_Problem description:_
Copying starts at the line containing "Chinese Tea Set, Gongfu" and stops after the last line of the records; each line is repeated exactly, and pictures are skipped.

_Exercise inputs:_
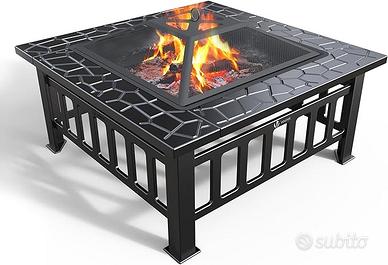 Braciere da Esterno 81x81x45 cm -calore e barbecue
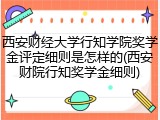 西安财经大学行知学院奖学金评定细则是怎样的(西安财院行知奖学金细则)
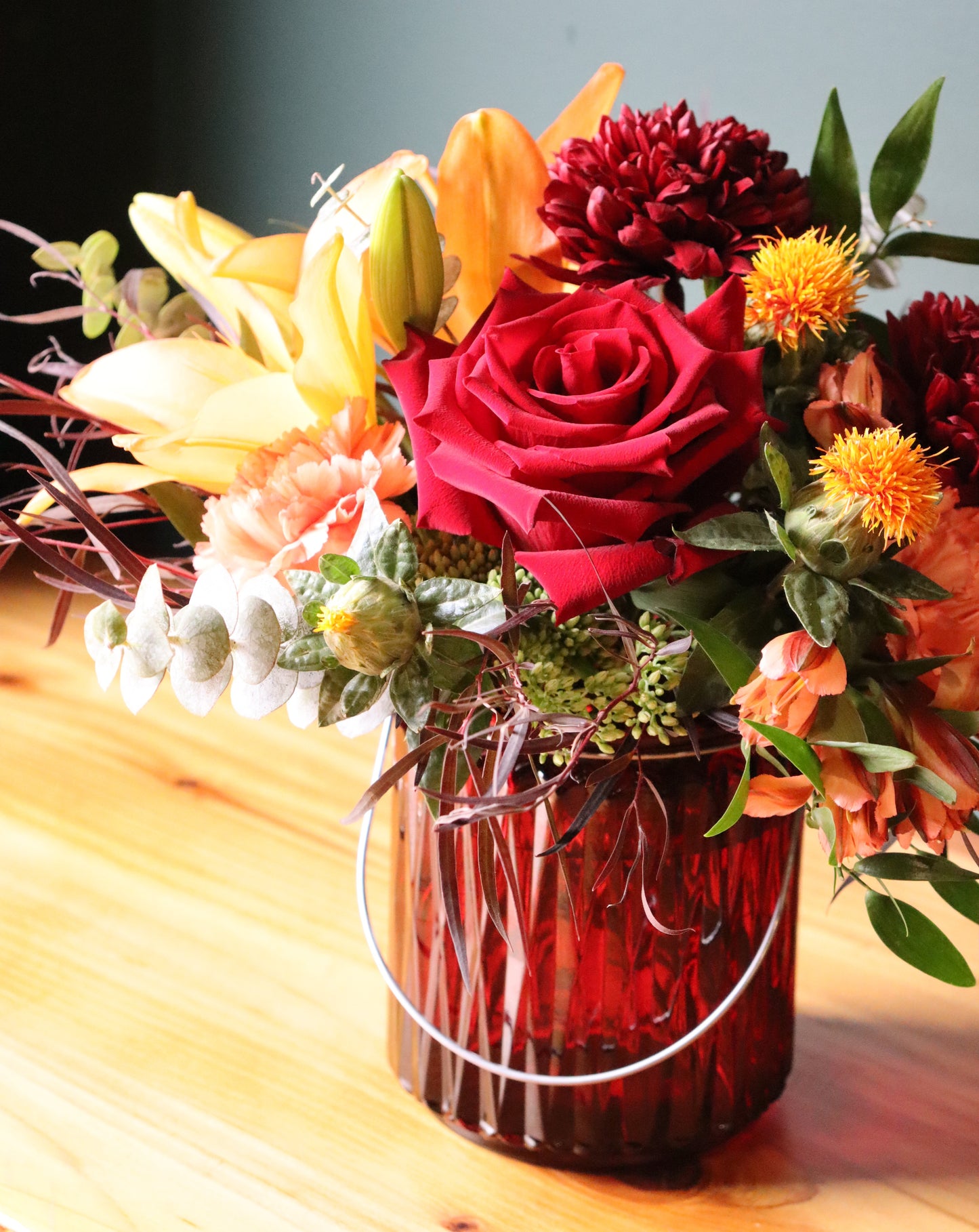 Ruby Ember Vase Arrangement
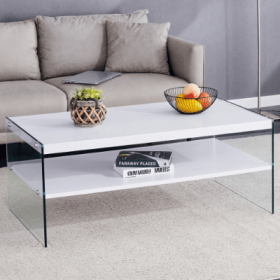 Double Rectangular Coffee Table. The Board Surface Is MDF, With White Stickers, And Both Sides Are Transparent Tempered Glass. Suitable For Livin (Color: White)
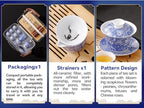 Chinese Tea Set, Gongfu Tea Sets for Adults, Japanese Tea Set, Asian Gaiwan Tea set, Portable Teaset for Home, Outdoor, Office Gifts (Flower Gaiwan 6cups) - Image 4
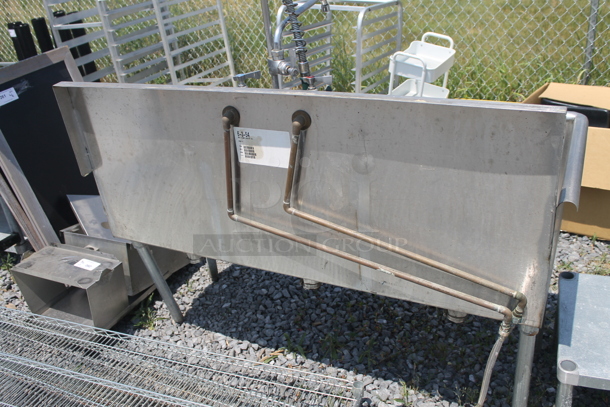 Advance Tabco 6-3-54 Commercial Stainless Steel 3 Bay Sink With Gooseneck Faucet And Pre-Rinse Faucet On Galvanized Legs. - Image 8 of 9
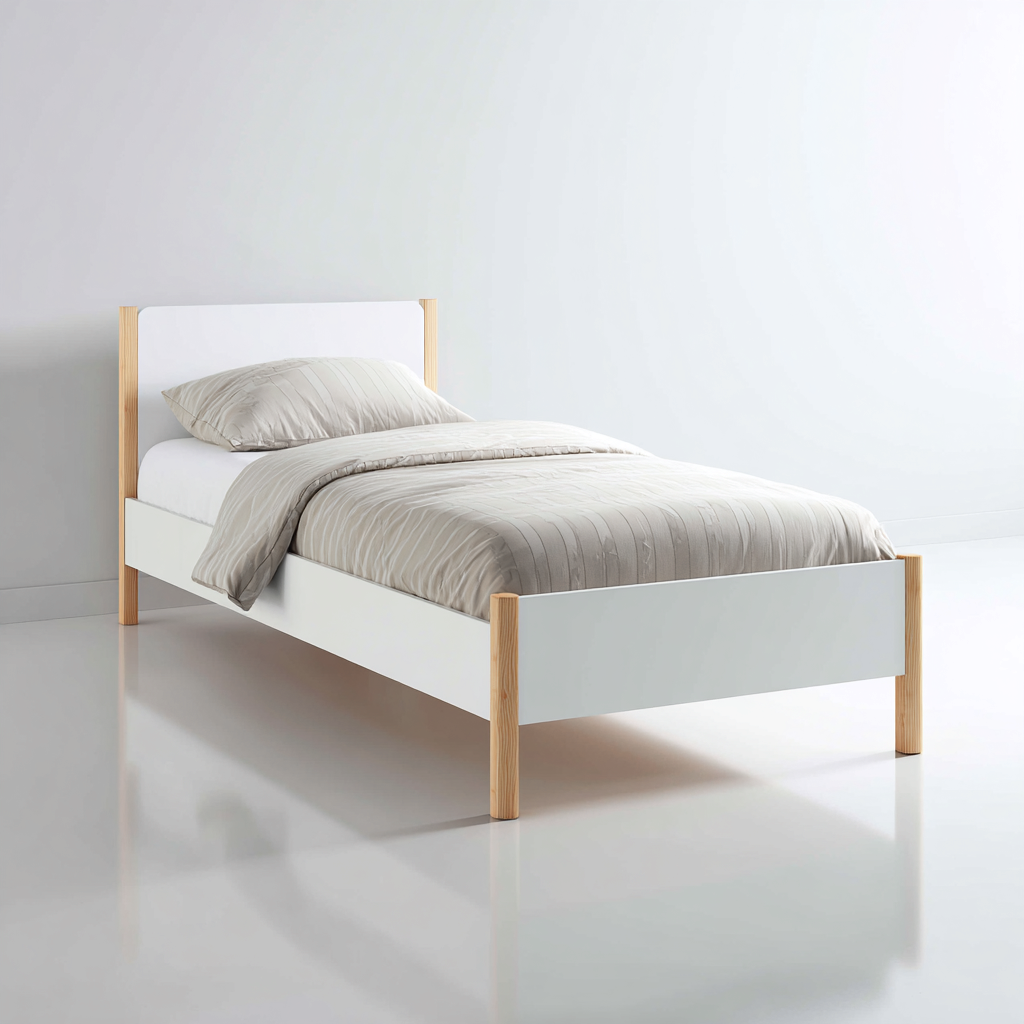 Letto singolo - legno - 200x100x85 cm - bianco-naturale - minimalista-Habitatno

_Your response:_
 Chinese Tea Set, Gongfu Tea Sets for Adults, Japanese Tea Set, Asian Gaiwan Tea set, Portable Teaset for Home, Outdoor, Office Gifts (Flower Gaiwan 6cups) - Image 4
 Advance Tabco 6-3-54 Commercial Stainless Steel 3 Bay Sink With Gooseneck Faucet And Pre-Rinse Faucet On Galvanized Legs. - Image 8 of 9
 Letto singolo - legno - 200x100x85 cm - bianco-naturale - minimalista-Habitatno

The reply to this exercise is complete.